[Scraped caption text data]
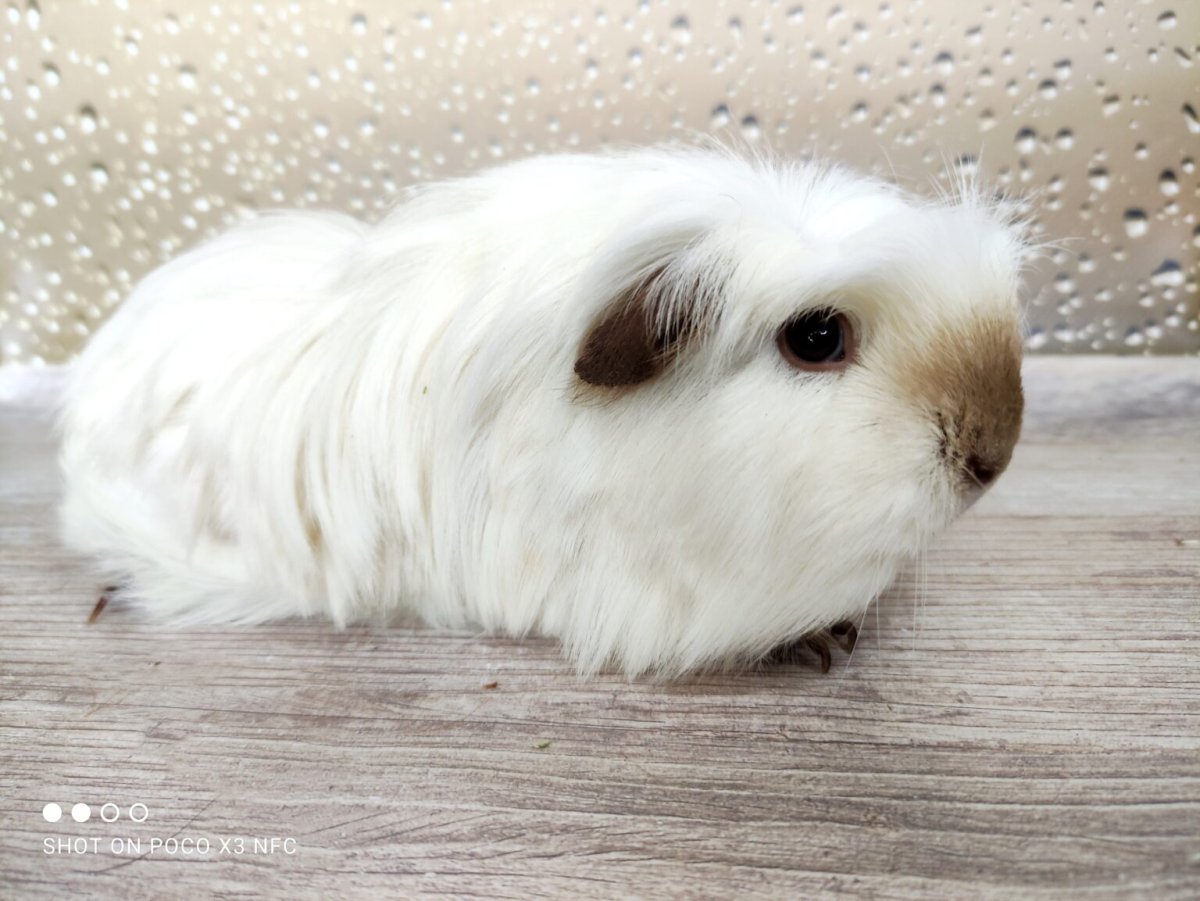 Морская Свинка путешественница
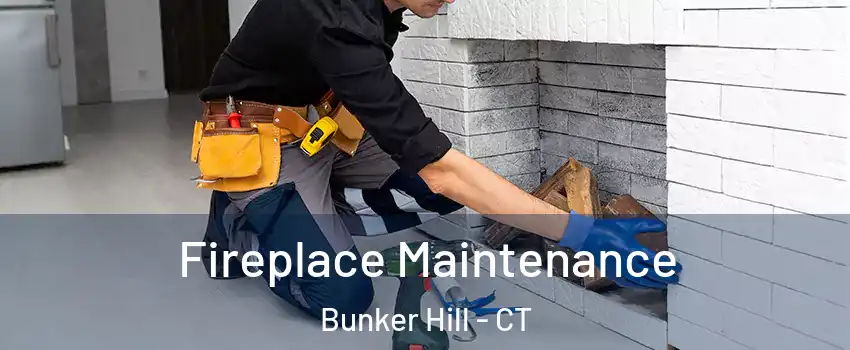 Fireplace Maintenance Bunker Hill - CT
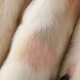 
Aoerrun Haining 2024 winter new fox fur coat women's parka coat real fur young high-end coat medium-length black shell colorful inner liner M 90-105Jin[Jin equals 0.5 kg]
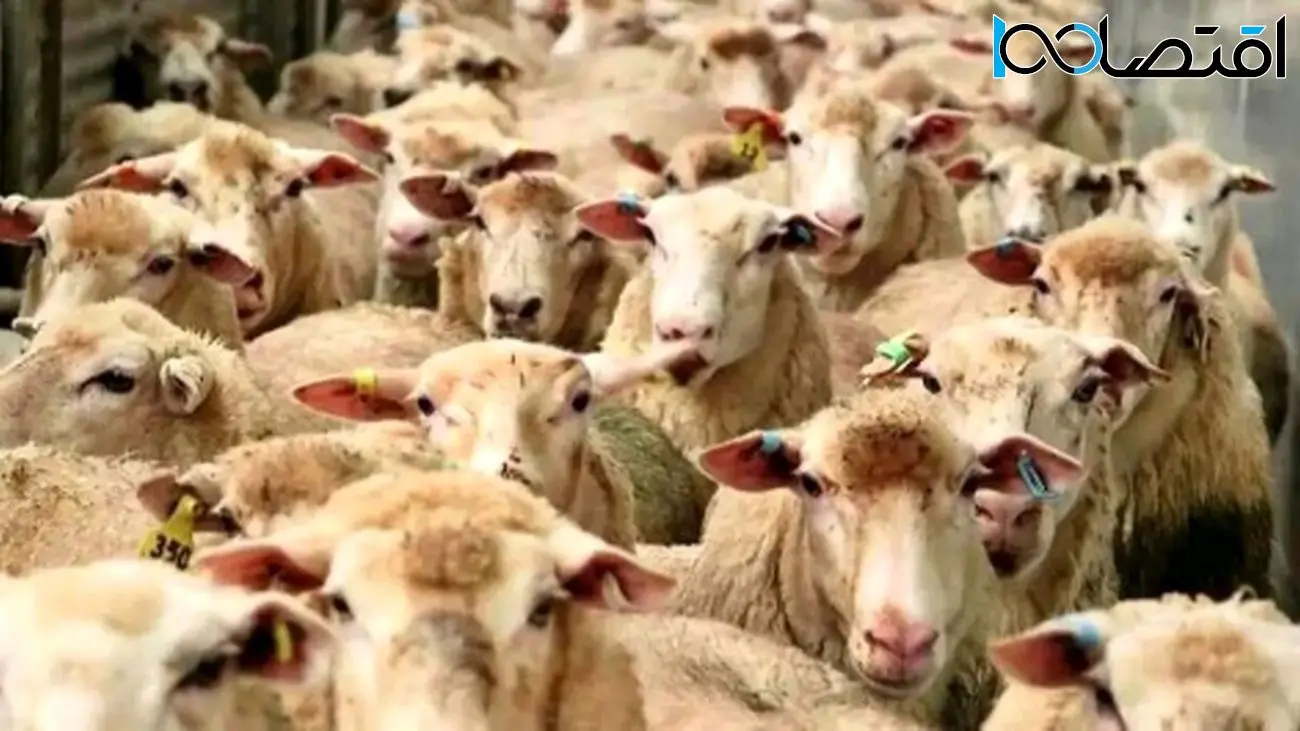 قیمت گوسفند عید قربان اعلام شد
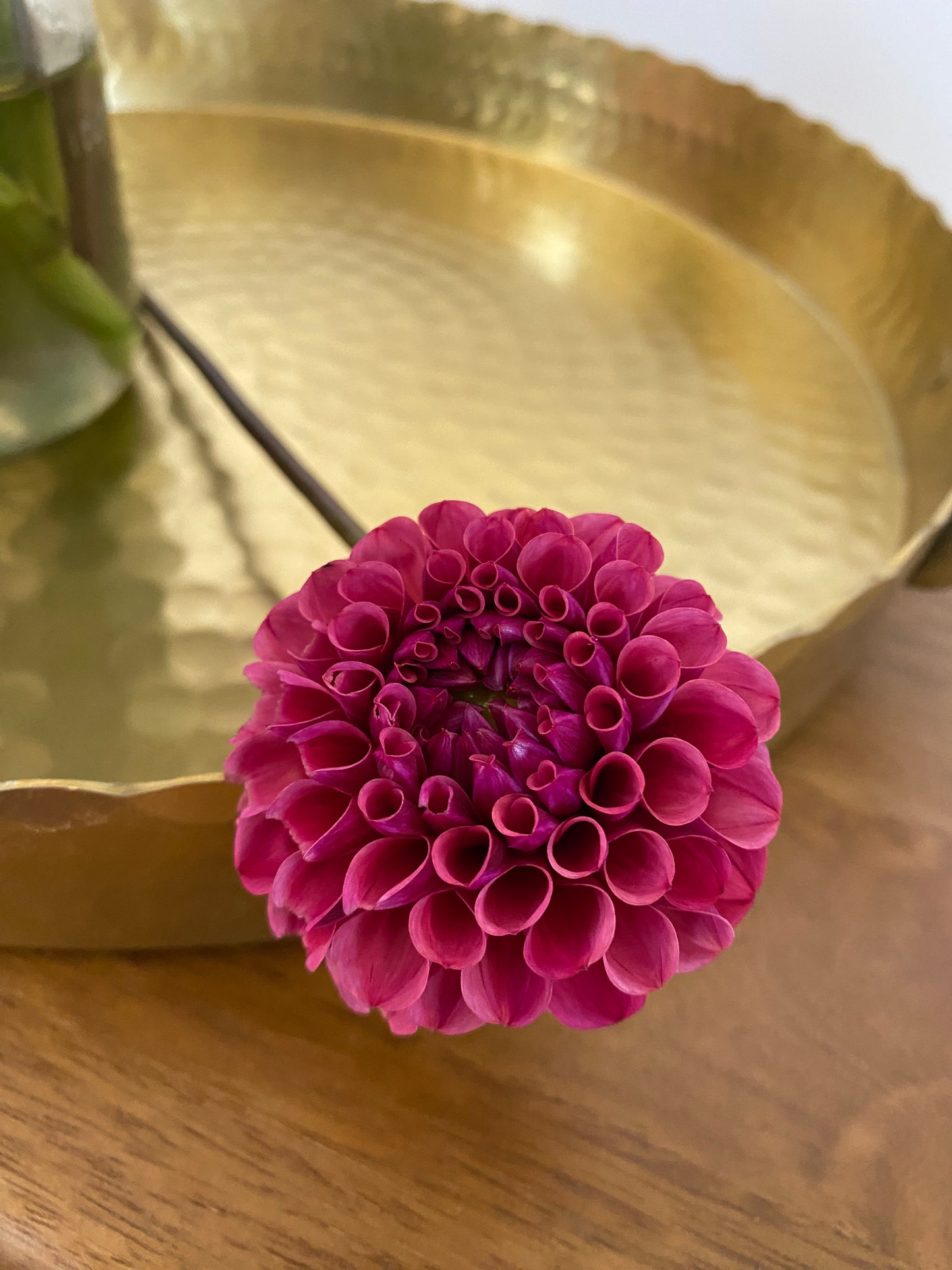 Mission Gypsy Dahlia Tuber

- **WHAT YOU SHOULD DO**:
Extract only the lines from the line containing "Fireplace Maintenance Bunker Hill - CT" through the final line of the records; keep both ends and drop every picture.

- **RESPONSE BELOW**:
 Fireplace Maintenance Bunker Hill - CT
Aoerrun Haining 2024 winter new fox fur coat women's parka coat real fur young high-end coat medium-length black shell colorful inner liner M 90-105Jin[Jin equals 0.5 kg]
 قیمت گوسفند عید قربان اعلام شد
 Mission Gypsy Dahlia Tuber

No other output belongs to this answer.